Records below:

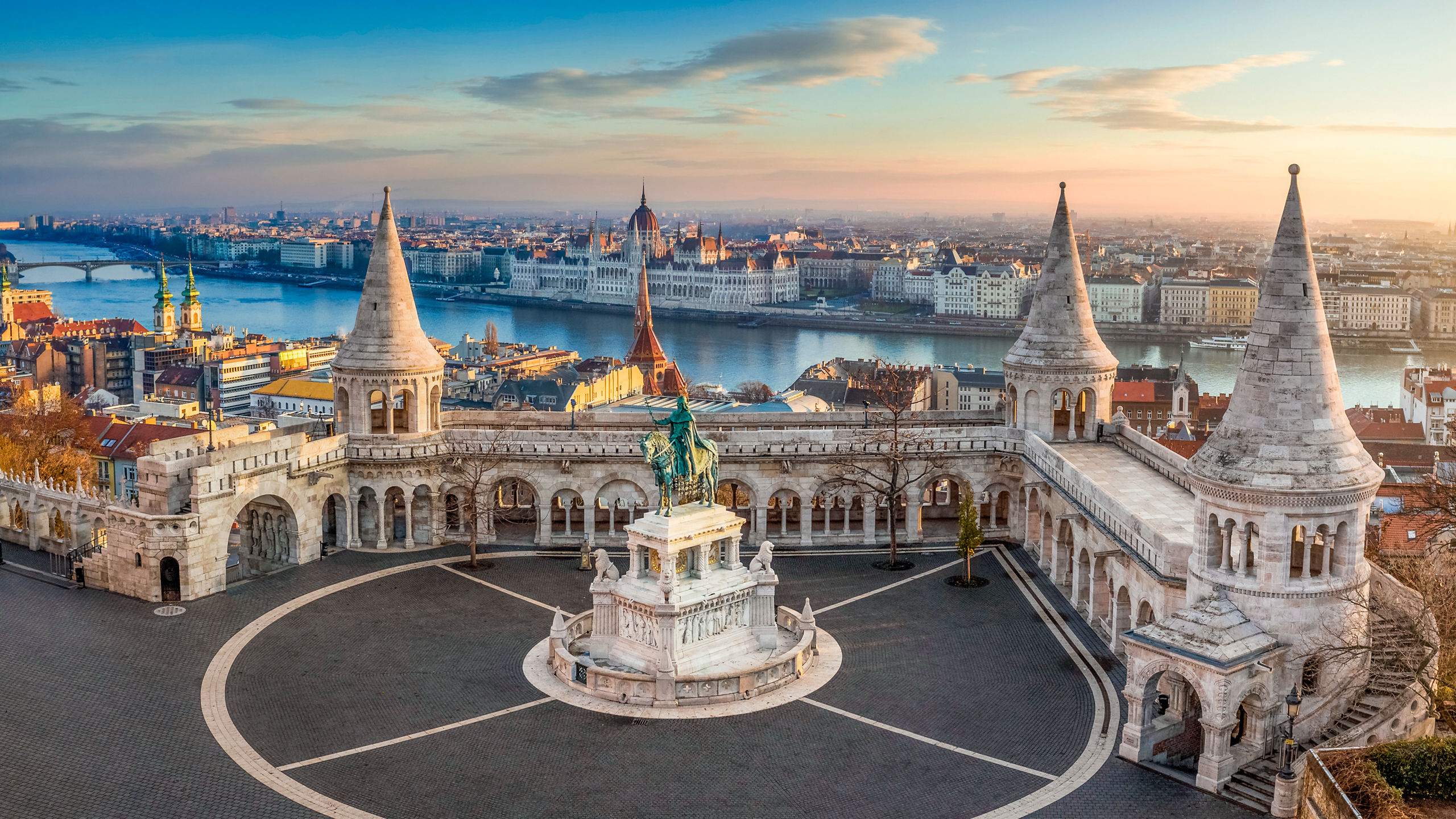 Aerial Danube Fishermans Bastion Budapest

End of Records.
Records below:

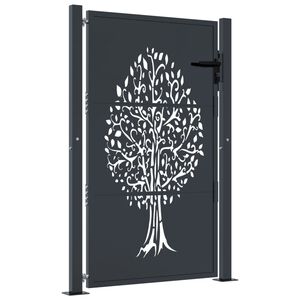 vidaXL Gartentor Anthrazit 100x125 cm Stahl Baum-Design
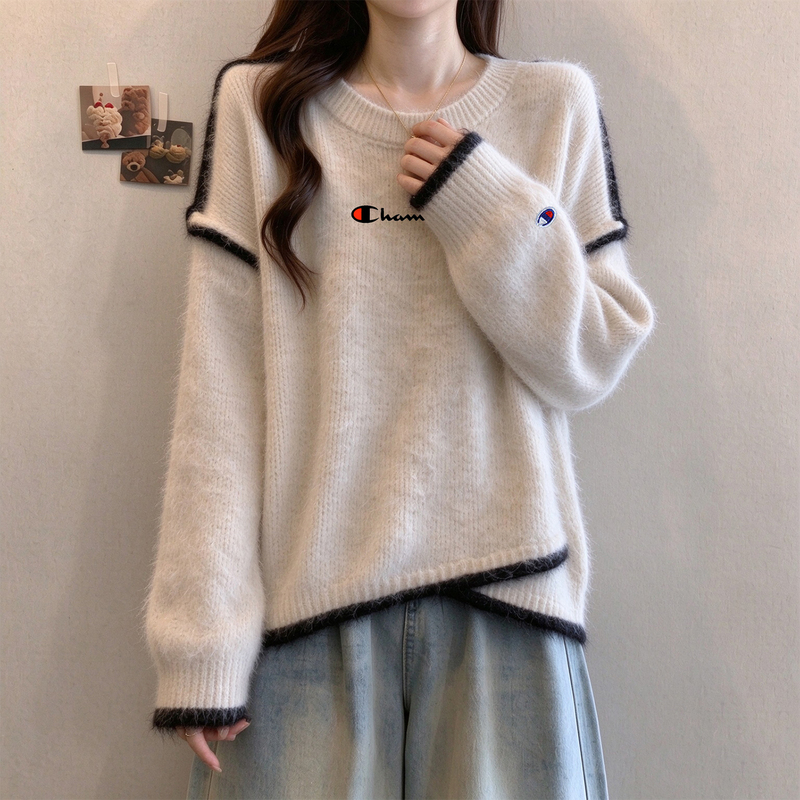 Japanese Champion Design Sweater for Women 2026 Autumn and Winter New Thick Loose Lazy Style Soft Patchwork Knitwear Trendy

End of Records.

Work item. Reproduce the lines above starting at the one with "vidaXL Gartentor Anthrazit" and ending at the one with "Japanese Champion Design", both included, exactly and with no pictures.

Response area.
 vidaXL Gartentor Anthrazit 100x125 cm Stahl Baum-Design
 Japanese Champion Design Sweater for Women 2026 Autumn and Winter New Thick Loose Lazy Style Soft Patchwork Knitwear Trendy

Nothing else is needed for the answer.